Having an online presence is very important in this digital age. If having a blog or your own website doesn’t work for you for whatever reason, LinkedIn is the next best thing. I’ve known and experienced myself of finding jobs through LinkedIn or Googling people to get in touch with them or gather their past work to pitch them as applicants to recruiters. Aside from being searched online and negative and damaging information is found, the second worst thing is when zero information is found. It makes one wonder if they aren’t tech-savvy, are good at networking, or realize if it’s apparent we are now in a digital frontier.
Aside from my blog, LinkedIn, and Brazen Careerist, I do not have my own website. I’ve found those three and other tactics have served me well, especially because they are all free methods. Below are tips on how I use LinkedIn. I hope they are helpful to you as well.

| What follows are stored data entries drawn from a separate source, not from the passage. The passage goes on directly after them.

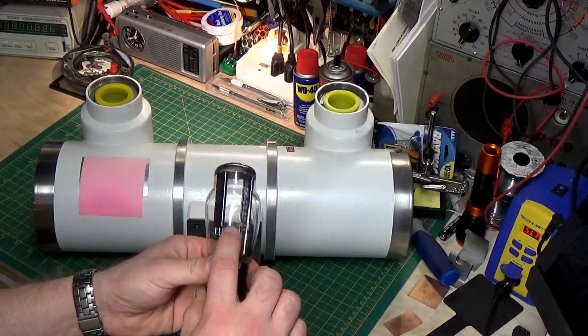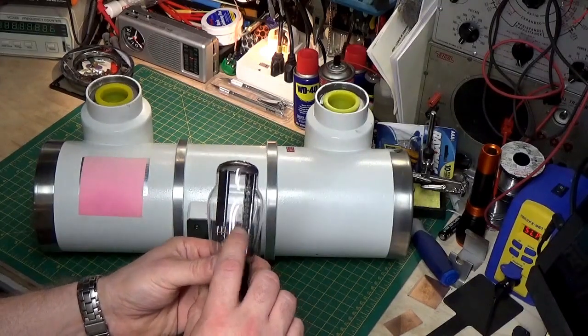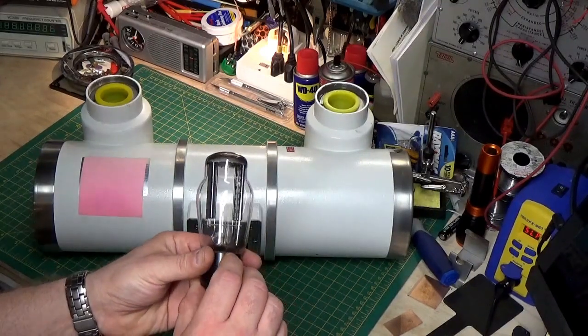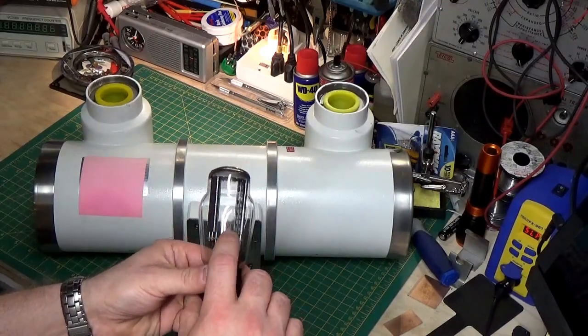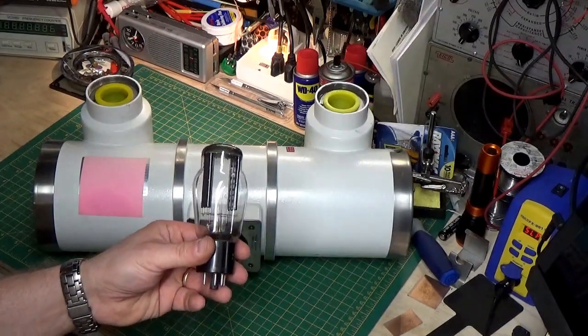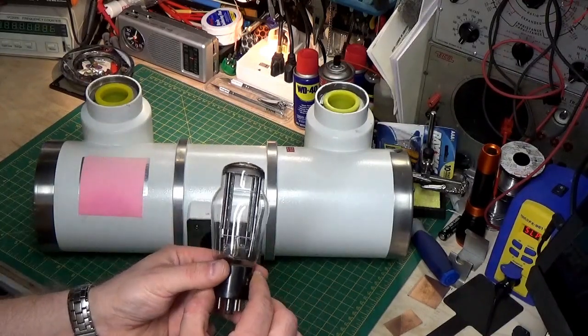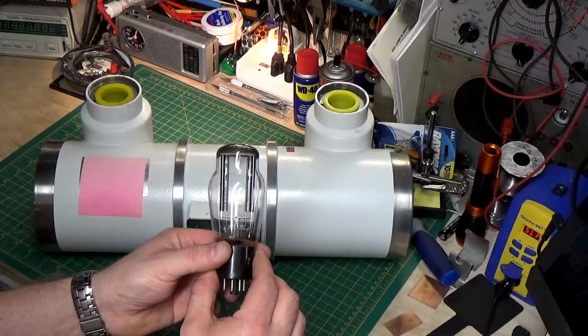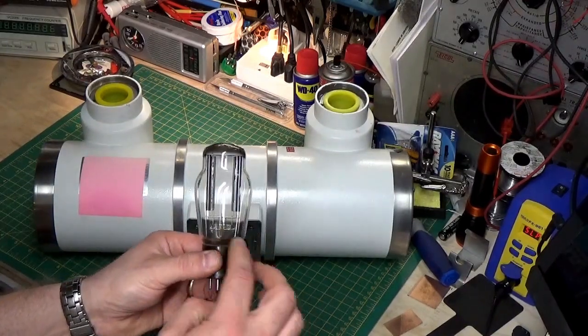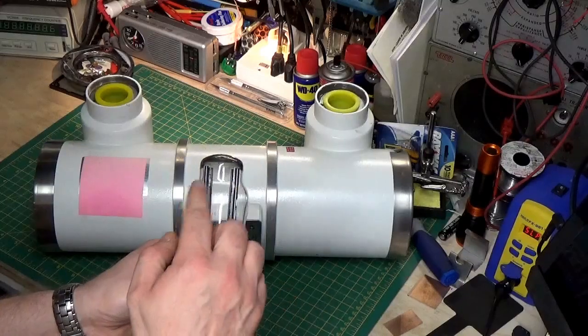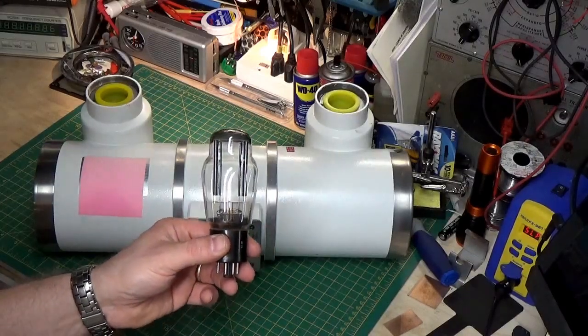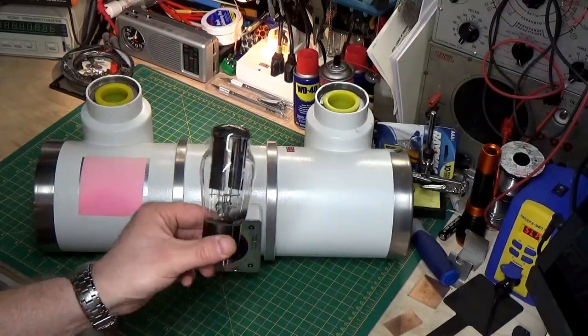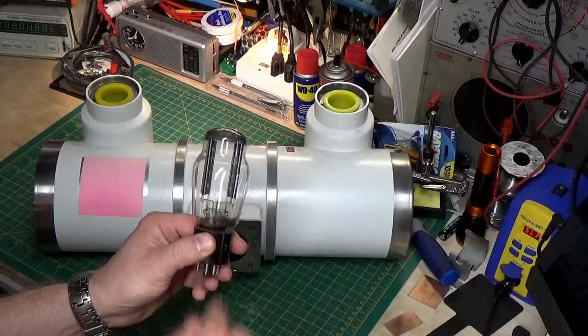It's called a 5U4. The 5 stands for a 5-volt filament. The U is a designator for the factory, and 4 means there are four elements in this: your two filaments and your two plates. So it's a basic diode, anode and cathode, two of them in here.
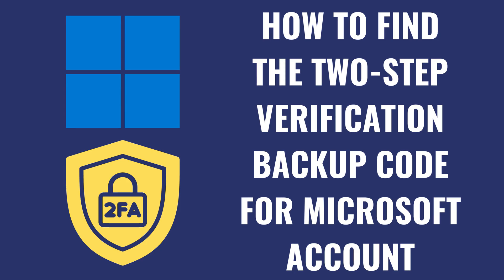I'm Max Dalton, and in this video I'll show you how to find the two-step verification backup code, or recovery code, for your Microsoft account.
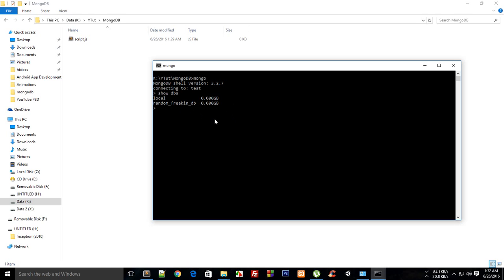How do you create your database? To create a database, write use then your database name. So in this case, if I write mdb and hit enter, it says switch to db mdb.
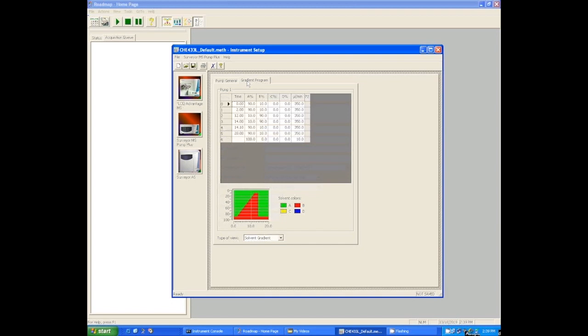and you quit there and you tell it to start the next run, it'll try and jump immediately down to 90 percent A, 10 percent B, and it won't make it. So your next run will start and you'll have a weird mixture of solvent. So you have to do what we call re-equilibrate, which is program a time at the end of each run where you just tell the instrument to go back to the beginning and wait there for five minutes to prepare for the next run.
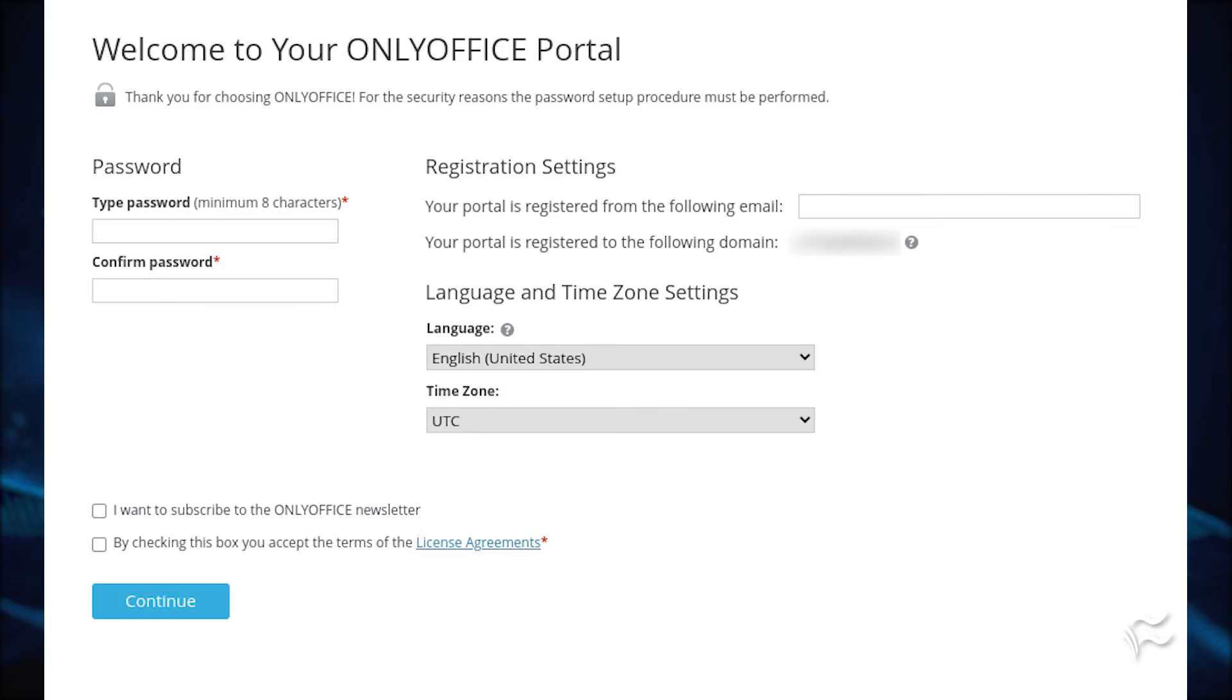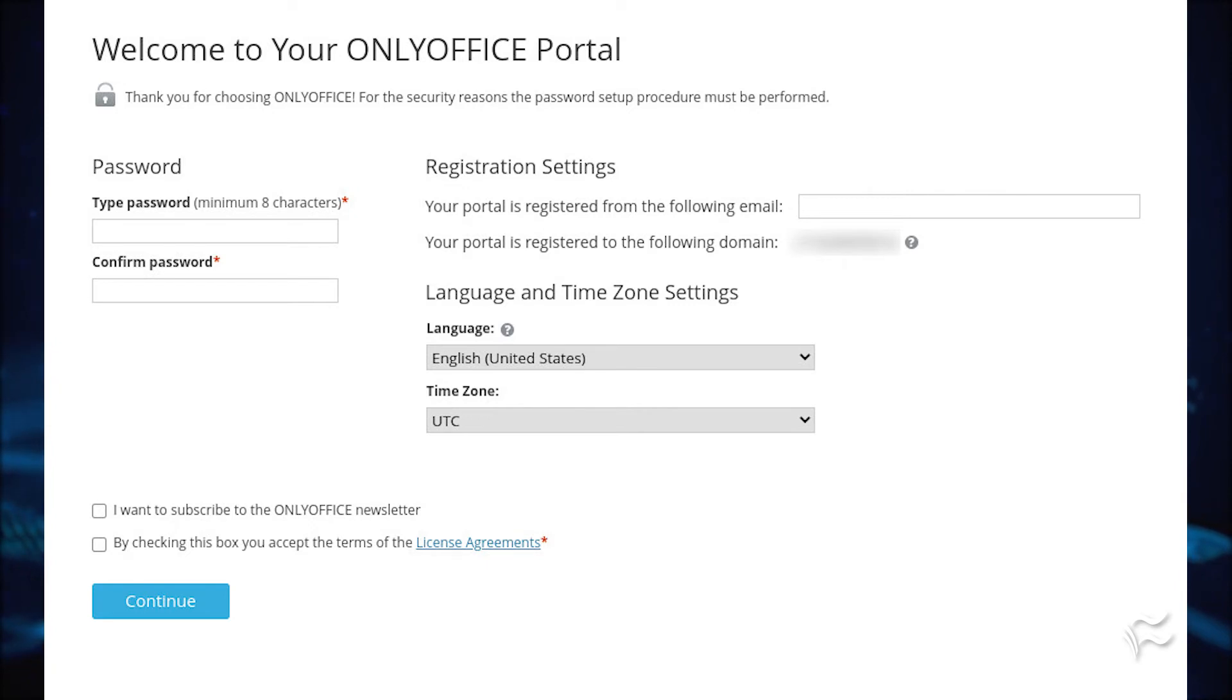After the deployment completes, wait a few minutes, open a web browser, and point it to http://server, where server is either the IP address or domain of your hosting server.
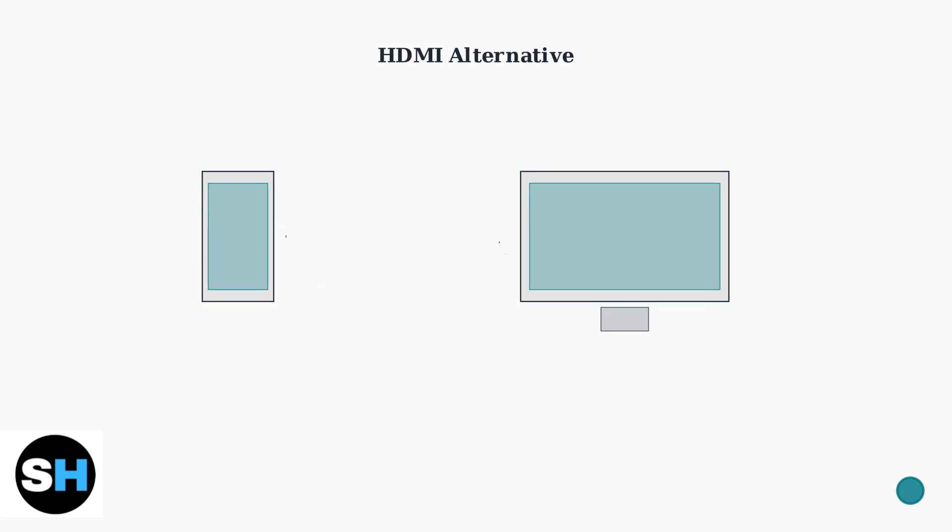Alternatively, you can use an HDMI adapter if your device and monitor support HDMI connections. This method requires a USB-C to HDMI adapter connected between your phone and monitor.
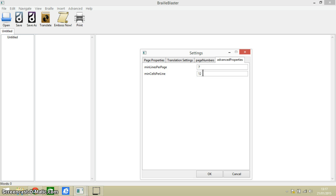So there you go, those are the settings that you would use to set up your document ready for embossing within Braille Blaster. Thank you for watching this video. If you have any comments please leave them below the video and I will get back to you. Thanks for watching.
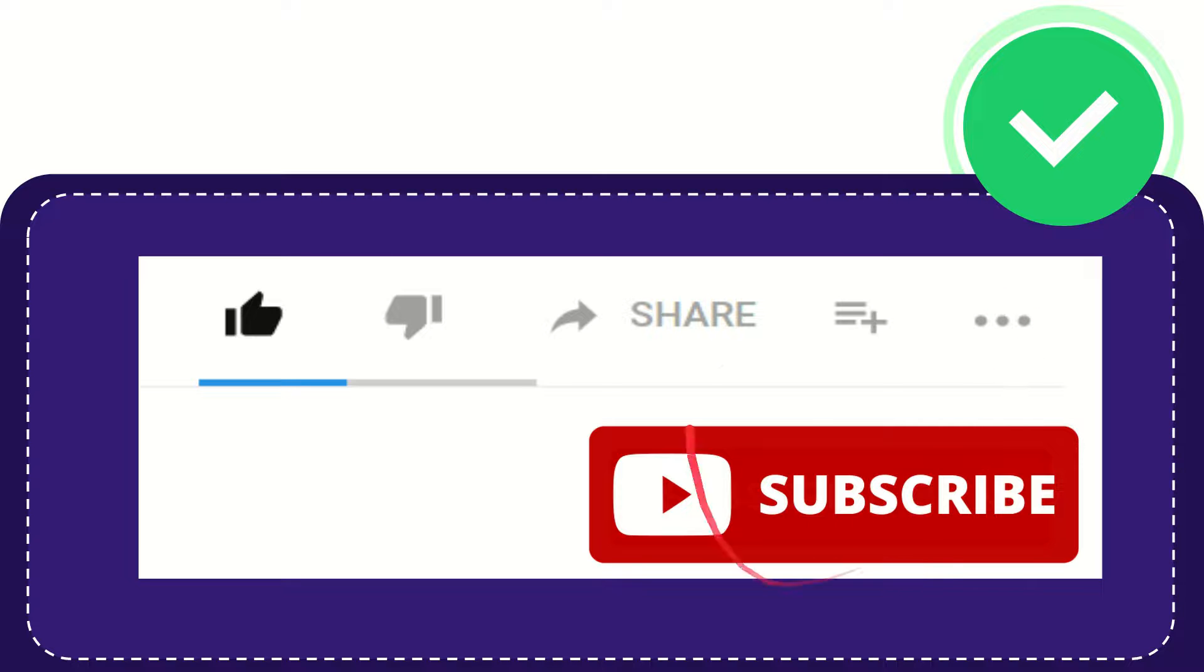I think that's all of it. Thank you so much for watching this video and see you again in another video. Bye bye, see you again.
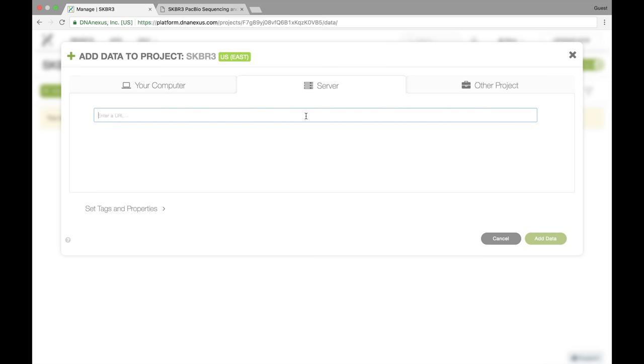So we have some data that's publicly available, and it's on a website, so I'm going to go over there, get the download URL for that data, and then upload it to the DNA Nexus platform here.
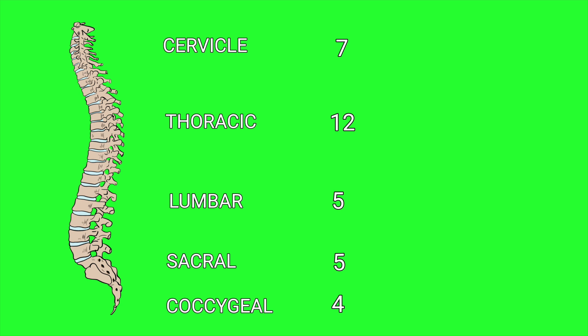The way that we're going to memorize how many vertebrae are in each one of these sections is by using this mnemonic: GLEED. G is the seventh letter in the alphabet, L is the twelfth letter,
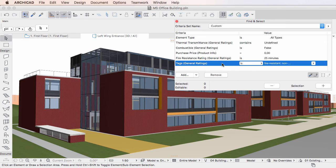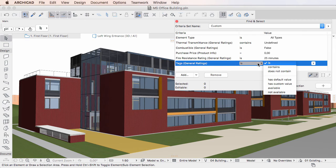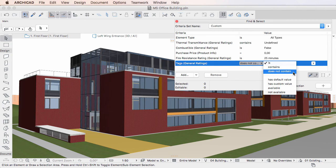Finally, when the Property is of the Tags List Data Type, the options offered are: is, contains, and does not contain.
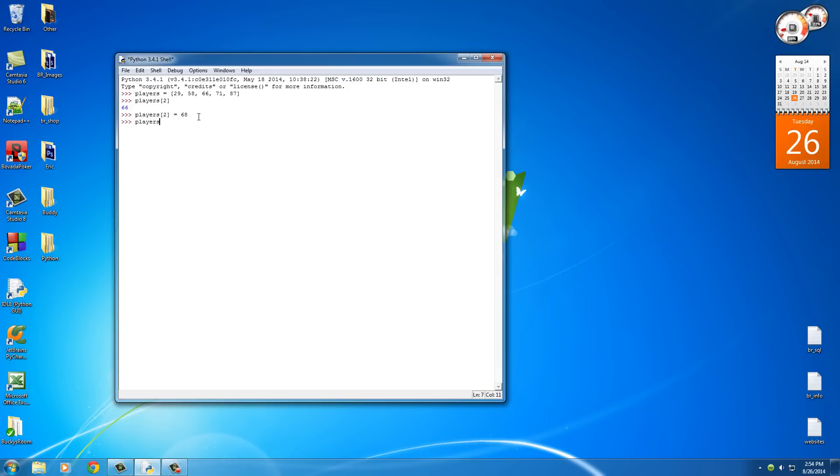So now whenever we type out players, as you can see, 66, which was the old value, is now changed to 68. So again, this is how you just read information and this is how you set it equal to new values or new numbers.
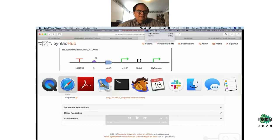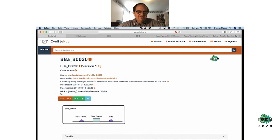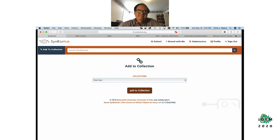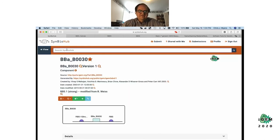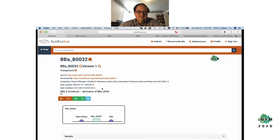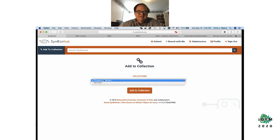Okay, this seems to be behaving again — going back to do the toggle switch design. I need to add more parts to my collection. I need another ribosome binding site, and then I'll add that to my part cart. I also need a couple terminators — let's not forget those.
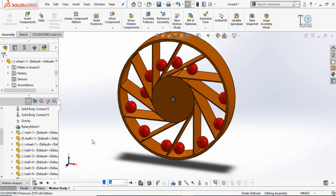Assalamu alaikum and welcome to Technology Explore. Today in this video I'm going to show you how you can do SOLIDWORKS motion analysis using gravity and contact between different parts.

Either have a really professional clear headshot photo or none at all. Some of the worst photos I’ve seen are people reclining in their office chairs or the photo is so far away that you can’t even tell if the person is male, female, or an alien. Photos are beneficial if you have a non-traditional name to determine what gender you are. For example, if you’re a woman but go by Chris or Alex as a nickname. For myself, people unfamiliar with Japan may not realize I’m female since Kiyomi is my first name and in Japan Kiyoshi is a common male name and they are very similar. Photos help you to come across as sharp, professional, and help put a face to the name, especially for phone interviews.
2. Job Title
Instead of your current title, use your unique selling point to better brand yourself. My title says: High-Level Assistant for Chairmen/CEOs of Sony, MGM, Fox & Fortune-ranked companies, including Exec Producers. My current title is Executive Assistant, but that doesn’t really say anything about me or ‘sell’ me enough. With the title I use at LinkedIn, you get my career re-cap and gather that I specialize in the entertainment sector, C-Level executives, and am versed in both business and creative fields because I’ve worked for Executive Producers as well.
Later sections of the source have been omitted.